I've always tried to not BS myself and tell me that I'm doing things for some noble cause or some such. I do keep a list of people in my head who are worth dieing for, but lately my service has felt less like service to them and more like work for an administration bent on giving the UN a lease with option to buy on the US Military for a global "peacekeeping" force. There will always be people worth dieing for and killing for, but noble causes are few and far between.
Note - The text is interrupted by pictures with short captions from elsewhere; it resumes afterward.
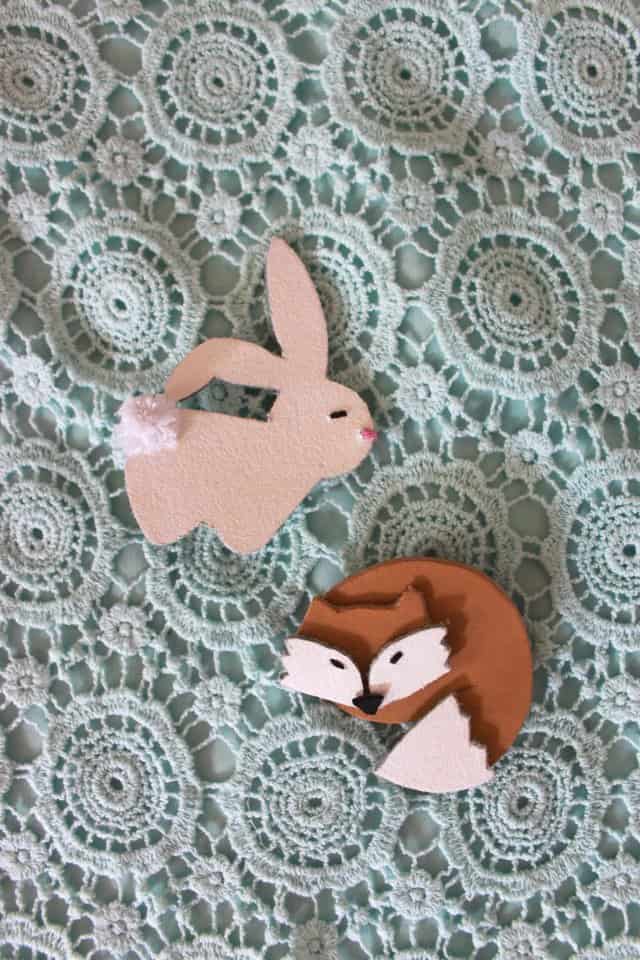 leather fox and bunny brooches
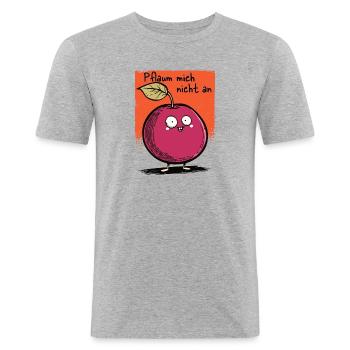 Pflaum mich nicht an! - Männer Slim Fit T-Shirt - Grau meliert - Vorne - Nik (191cm)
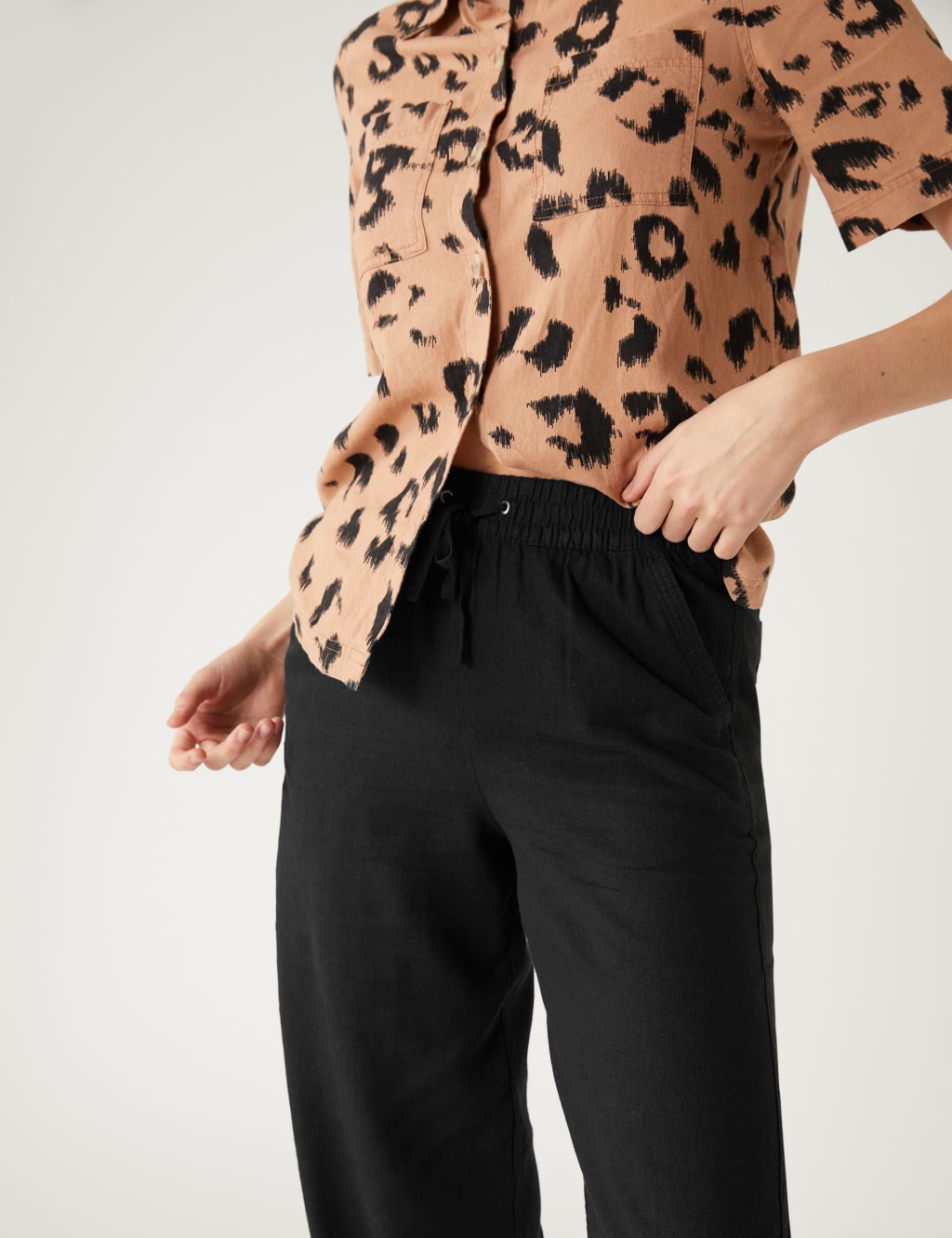 Linen Rich Wide Leg Trousers image 3
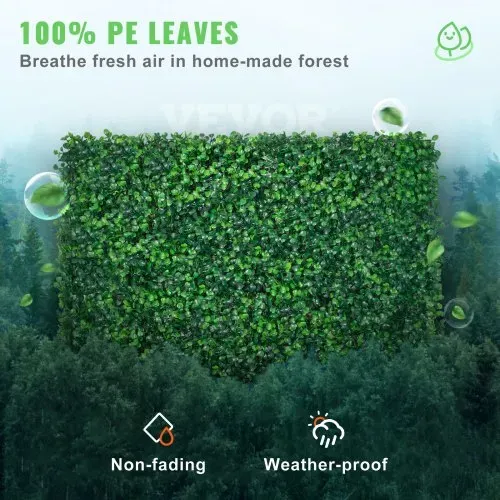 VEVOR Künstliche Pflanzenwand 24 Stk. Sichtschutz Hecke Künstlich Grün, Künstliche Buchsbaumplatte PE, Sichtschutz Kunstpflanzen 60 x 40 cm, Sichtschutzhecke Wanddekoration Pflanzenwand – Bild 2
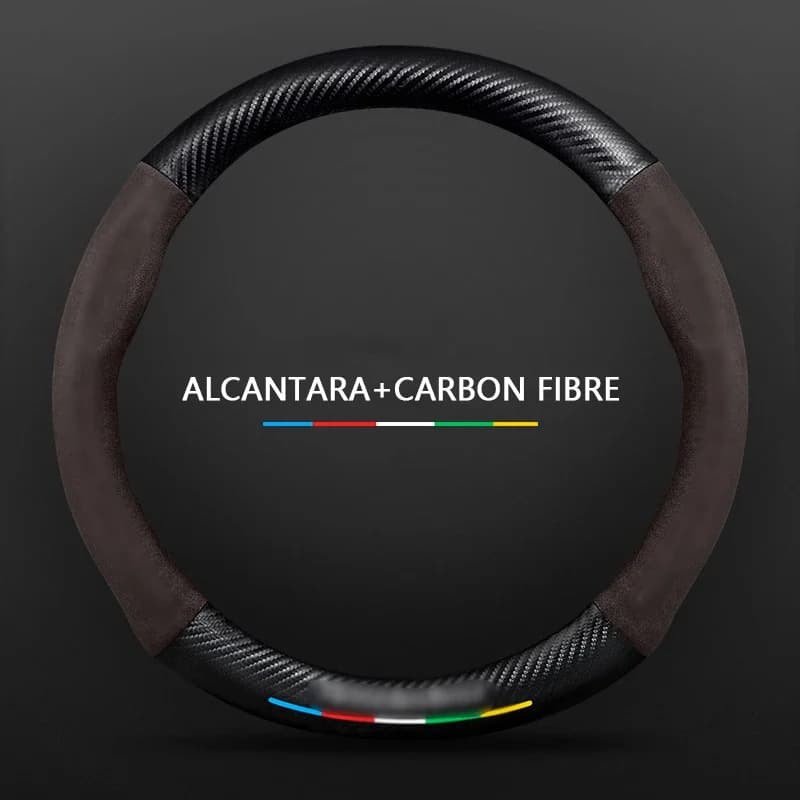 Coprivolante per auto realizzato in pelle in fibra di carbonio adatto per Mercedes-Benz W203 W204 W205 W206 W17 W177 W212 W21 X156 X253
I've had to take a long navel gaze over the years and ask myself I can kill to earn a paycheck and if I can live with myself afterward. I'm still here so the answer seems to be yes. A man I respect told me, "When you wake up three days in a row feeling like you can't make a difference in a fellow Soldiers life it is time to get out." So far that hasn't happened to me yet and I hope that it never does. But when it does, it will mean that I have somehow disconnected from an organization that I have invested in, and that is a clear sign to let go.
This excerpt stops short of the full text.